The fifth alternative financing option for HSB is Collective Investment Scheme. The company can place profiting properties like 3 Third Avenue in a trust and appoints a manager to manage this asset. Investor can then purchase an interest in the trust by buying units which are listed on the stock exchange. Since units are offered to the public, the company has to comply with the provisions governing offers of units in collective investment schemes found in S285 - S302 SFA.
Offers to public
When a company is listed in SGX, it is entitled to offer its securities to the public to raise funds in the public sphere. (1.1) Shares, (2.111) Public debentures and (3.0) Units in collective investment schemes are types of securities offered to the public. SFA, CA and Monetary Authority of Singapore Act are statutory rules governing the capital market. While SGX-ST Listing Manual (LM) and Takeover & Mergers Code (TC) administered by the Securities Industry council (SIC) are non-statutory rules governing the capital market.
Company can be listed in
SGX Main board
Company must have a minimum market capitalization of $80 million or satisfactory profit track record of at least $7.5 million for the last 3 years. It must have at least 1,000 shareholders and proves healthy financial position with no shortfall in working capital. Company must produce a Prospectus.
Company need not meet any financial entry criteria. However, the company needs to have a sponsor which has entry criteria that it is a corporate with minimum base capital of S$500,000. On the other hand, instead of prospectus, the company must produce an Offer Document.
In the case of HSB cannot be listed in SGX Main Board because its maximum asset did not meet the $80 million minimum market capitalization or a $7.5 million track record in 3 years.
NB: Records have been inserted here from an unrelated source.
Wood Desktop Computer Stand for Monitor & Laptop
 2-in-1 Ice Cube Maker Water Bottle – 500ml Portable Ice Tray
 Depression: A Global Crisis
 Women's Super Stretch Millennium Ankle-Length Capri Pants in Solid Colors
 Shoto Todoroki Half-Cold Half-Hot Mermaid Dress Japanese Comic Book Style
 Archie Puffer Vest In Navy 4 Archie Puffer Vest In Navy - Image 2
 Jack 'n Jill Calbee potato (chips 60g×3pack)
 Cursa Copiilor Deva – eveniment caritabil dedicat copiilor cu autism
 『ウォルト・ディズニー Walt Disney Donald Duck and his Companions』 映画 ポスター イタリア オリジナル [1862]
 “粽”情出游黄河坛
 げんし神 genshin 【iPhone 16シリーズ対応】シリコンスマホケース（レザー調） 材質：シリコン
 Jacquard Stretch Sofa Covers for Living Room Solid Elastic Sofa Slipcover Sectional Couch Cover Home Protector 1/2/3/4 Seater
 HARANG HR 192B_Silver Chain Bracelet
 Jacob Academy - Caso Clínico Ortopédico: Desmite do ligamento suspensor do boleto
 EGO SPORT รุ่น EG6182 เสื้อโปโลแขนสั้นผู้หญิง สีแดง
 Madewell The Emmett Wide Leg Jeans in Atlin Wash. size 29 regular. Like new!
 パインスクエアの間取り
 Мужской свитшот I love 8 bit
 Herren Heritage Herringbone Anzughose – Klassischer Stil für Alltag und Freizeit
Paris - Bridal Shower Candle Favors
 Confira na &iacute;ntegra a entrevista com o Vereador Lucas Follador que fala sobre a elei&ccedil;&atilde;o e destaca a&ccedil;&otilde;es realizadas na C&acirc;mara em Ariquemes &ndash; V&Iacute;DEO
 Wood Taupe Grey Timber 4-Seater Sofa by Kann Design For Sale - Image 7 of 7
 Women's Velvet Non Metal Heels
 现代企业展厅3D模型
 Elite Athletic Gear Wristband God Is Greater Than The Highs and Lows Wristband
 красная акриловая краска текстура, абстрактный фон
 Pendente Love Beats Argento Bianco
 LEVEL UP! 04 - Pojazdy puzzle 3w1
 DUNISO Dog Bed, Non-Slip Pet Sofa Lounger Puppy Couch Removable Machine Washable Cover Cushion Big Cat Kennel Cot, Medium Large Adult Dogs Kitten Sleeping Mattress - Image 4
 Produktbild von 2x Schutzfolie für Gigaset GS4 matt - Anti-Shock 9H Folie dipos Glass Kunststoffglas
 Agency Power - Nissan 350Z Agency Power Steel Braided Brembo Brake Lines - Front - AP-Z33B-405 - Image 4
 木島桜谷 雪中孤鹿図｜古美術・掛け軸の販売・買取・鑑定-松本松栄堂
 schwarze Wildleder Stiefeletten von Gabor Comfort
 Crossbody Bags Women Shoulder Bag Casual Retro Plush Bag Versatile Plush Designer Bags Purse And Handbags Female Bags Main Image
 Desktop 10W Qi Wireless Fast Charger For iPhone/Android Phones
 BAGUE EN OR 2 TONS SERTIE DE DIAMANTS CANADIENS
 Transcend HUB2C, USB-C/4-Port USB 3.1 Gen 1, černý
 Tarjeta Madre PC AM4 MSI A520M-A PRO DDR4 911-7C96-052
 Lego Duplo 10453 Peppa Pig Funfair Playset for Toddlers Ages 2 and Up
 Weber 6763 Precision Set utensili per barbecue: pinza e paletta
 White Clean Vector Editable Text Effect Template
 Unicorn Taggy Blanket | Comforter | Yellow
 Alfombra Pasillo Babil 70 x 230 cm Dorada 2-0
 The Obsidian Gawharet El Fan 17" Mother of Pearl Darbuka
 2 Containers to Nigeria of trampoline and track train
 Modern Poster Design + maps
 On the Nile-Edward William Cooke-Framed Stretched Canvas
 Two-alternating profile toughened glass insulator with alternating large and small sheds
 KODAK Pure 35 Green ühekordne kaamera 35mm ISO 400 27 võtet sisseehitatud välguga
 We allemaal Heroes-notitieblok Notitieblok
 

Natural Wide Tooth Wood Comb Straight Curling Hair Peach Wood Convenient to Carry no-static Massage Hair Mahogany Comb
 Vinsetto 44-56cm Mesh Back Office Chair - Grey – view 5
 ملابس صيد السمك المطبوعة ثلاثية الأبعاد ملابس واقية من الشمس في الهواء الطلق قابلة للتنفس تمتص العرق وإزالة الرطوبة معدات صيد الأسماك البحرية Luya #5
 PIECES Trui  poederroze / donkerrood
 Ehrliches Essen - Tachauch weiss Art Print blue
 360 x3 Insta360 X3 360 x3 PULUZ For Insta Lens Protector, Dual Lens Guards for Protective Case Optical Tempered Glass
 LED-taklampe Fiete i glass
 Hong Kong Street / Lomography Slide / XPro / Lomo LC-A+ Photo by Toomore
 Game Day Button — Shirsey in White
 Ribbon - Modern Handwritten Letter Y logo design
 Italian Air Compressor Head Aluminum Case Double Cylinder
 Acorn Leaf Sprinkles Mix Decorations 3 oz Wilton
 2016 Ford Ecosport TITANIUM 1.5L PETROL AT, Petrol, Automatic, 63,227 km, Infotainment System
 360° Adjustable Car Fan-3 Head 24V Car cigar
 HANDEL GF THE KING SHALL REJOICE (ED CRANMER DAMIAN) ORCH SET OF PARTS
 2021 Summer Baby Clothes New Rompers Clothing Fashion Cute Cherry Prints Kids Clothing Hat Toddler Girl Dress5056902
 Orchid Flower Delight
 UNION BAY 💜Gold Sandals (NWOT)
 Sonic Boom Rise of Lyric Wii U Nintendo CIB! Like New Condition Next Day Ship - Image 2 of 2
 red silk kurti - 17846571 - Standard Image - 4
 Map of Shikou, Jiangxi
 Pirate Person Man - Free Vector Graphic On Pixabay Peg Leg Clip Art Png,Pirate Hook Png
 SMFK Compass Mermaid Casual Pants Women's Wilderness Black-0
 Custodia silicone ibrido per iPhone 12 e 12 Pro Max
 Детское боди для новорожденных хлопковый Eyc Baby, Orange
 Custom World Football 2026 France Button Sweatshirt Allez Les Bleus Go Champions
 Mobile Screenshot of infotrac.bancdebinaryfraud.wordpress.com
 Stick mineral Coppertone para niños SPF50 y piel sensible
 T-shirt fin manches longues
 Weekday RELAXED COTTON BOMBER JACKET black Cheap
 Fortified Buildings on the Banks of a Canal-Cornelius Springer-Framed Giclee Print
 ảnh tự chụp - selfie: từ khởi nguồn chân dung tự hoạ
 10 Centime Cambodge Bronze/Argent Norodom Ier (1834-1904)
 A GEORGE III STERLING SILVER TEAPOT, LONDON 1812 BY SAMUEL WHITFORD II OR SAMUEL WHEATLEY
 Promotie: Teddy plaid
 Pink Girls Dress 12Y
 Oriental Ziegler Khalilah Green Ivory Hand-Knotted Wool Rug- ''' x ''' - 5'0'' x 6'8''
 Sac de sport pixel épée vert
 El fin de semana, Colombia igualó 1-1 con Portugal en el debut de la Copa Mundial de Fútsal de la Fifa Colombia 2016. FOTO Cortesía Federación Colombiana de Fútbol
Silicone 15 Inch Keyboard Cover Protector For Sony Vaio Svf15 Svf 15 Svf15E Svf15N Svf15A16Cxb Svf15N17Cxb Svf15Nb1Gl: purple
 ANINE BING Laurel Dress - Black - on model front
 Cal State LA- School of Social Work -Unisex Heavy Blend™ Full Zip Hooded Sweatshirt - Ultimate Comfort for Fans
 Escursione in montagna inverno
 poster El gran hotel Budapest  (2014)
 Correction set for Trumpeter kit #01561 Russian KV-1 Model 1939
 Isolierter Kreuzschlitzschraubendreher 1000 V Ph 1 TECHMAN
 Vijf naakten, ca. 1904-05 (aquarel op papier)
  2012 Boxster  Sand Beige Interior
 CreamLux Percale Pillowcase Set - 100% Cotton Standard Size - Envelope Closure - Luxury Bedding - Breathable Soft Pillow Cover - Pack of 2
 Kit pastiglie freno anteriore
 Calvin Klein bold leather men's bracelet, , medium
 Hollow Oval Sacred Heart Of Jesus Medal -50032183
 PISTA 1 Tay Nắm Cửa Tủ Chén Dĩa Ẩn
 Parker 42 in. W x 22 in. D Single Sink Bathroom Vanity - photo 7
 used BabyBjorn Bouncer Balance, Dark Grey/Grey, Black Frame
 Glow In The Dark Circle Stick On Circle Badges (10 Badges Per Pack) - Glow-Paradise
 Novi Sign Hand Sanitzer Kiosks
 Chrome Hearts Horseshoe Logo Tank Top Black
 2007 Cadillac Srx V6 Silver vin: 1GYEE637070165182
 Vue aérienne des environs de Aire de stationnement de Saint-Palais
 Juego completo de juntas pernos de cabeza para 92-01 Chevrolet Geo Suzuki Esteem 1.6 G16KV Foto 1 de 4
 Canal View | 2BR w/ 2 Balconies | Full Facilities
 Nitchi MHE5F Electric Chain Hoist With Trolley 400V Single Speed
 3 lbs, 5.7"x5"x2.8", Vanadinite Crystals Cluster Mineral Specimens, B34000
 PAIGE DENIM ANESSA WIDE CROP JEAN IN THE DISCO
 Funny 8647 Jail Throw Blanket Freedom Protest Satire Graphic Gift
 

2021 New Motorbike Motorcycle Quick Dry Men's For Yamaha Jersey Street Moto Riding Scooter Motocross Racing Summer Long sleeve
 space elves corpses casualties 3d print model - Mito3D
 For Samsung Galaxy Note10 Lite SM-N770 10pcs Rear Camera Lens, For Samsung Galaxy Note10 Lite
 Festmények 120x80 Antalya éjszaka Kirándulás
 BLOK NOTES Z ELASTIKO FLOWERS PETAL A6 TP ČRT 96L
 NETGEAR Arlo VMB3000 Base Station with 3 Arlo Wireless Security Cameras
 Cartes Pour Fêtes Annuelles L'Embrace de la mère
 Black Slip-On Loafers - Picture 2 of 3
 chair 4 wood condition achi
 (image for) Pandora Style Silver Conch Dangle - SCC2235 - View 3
Therefore the sixth alternative financing option for the company is to be listed in Catalist. The company will have to make an initial price offering (IPO) through issuing an offer document lodged at Catalist website for public dissemination and list through sponsors. The other alternative is by placement of shares through intermediaries (such as stockbrokers). The intermediary will find investors to subscribe to the allotted shares at a given price.
Although this option can help expand company financial source, a note of caution is that raising funds in the public sphere has more stringent rules to abide to and requires the company to file numerous reports to SGX. The company's every move will be subjected to a close scrutiny of its public shareholders and it might also be subjected to takeover since the company now belongs to the “public”.
A process which shares of a public company are acquired such that the voting control of the company passes to a new shareholder, who is the “offeror” of the take-over.
“Offeror” can take-over the company by
Rule 15 TC Voluntary takeover
“Offeror” initiates a voluntary offer to acquire shares by following the procedure stated in TC.
Rule 14 Mandatory takeover
“Offeror” can trigger for mandatory takeover when he/she acquires 30% or more of the voting shares in the company.
Takeover is NOT a alternative financing option for HSB. When becoming public listed company, takeover is something the company can be subjected to. It is the last thing the brothers will want for the company. If this happen, the five brothers will become the minority share holders of the company and eventually lose their control and rights except for minority shareholder rights that they will be entitled to.
There are many alternative sources of funds available for the company. However, the company has to examine all the pros and cons of such financing alternatives. Some are debentures which interest is payable, while some has charges that require company's asset as a form of security to creditor and some are subject to public bureaucracy.